About 90 volunteer law students stand to reap the benefits of working on the extra caseload.

Margaret Capes, counsel at Community Legal Services with Western University in London, Ont., says legal aid revolves around three core areas of law at her clinic, including civil, housing, and criminal.

“We are using this money to increase our overall number of clients we can take in all of those areas, in particular criminal law,” says Capes.

Additionally the clinic is able to hire an articling student this year to help with the additional workload in the criminal law area, as well as a part-time lawyer to assist the full-time criminal lawyer she notes.

“The law students will be able to have a variety of different files to work on while they are with us,” says Capes “the more files we are able to open, the more broad range of types of cases that they can be potentially exposed to.”

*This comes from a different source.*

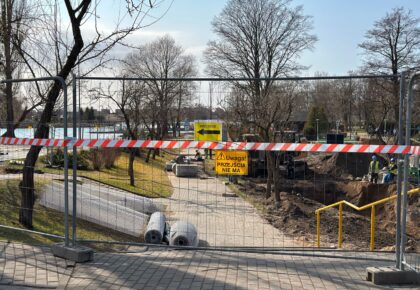 Czasowe zamknięcie przejścia przy Zalewie Arkadia z powodu prac modernizacyjnych czasowe zamkniecie przejscia przy zalewie arkadia z powodu prac modernizacyjnych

The funds may also be used to provide additional administrative assistance to the family law lawyer she adds.

The Community Legal Clinic at the University of Ottawa plans to enhance services in the landlord and tenants agreements.

“It’s the area of law where we have the most demand for services, so often we were not able to provide full representation, we were only in a position to offer summary advice,” says Louise Toone, executive director of the clinic.

While the self-help type of service was useful to some, full representation is certainly an improvement.

“A lot of our clients are either recent immigrants, they don’t speak French or English very well or they have mental health problems, so the kinds of clients who really need representation,” Toone.

Besides legal advice and potential for legal representations the clinic also focuses on educating the vulnerable community members.

“We do a lot of community education,” says Toone. Approximately 100 presentations per year are hosted by the clinic in collaboration with various partners. “We do sessions on legal rights on different topics like discrimination at work or housing.”

Approximately 60 law students enrolled at Ottawa’s Faculty of Law will have a chance to help with the cases during the school year.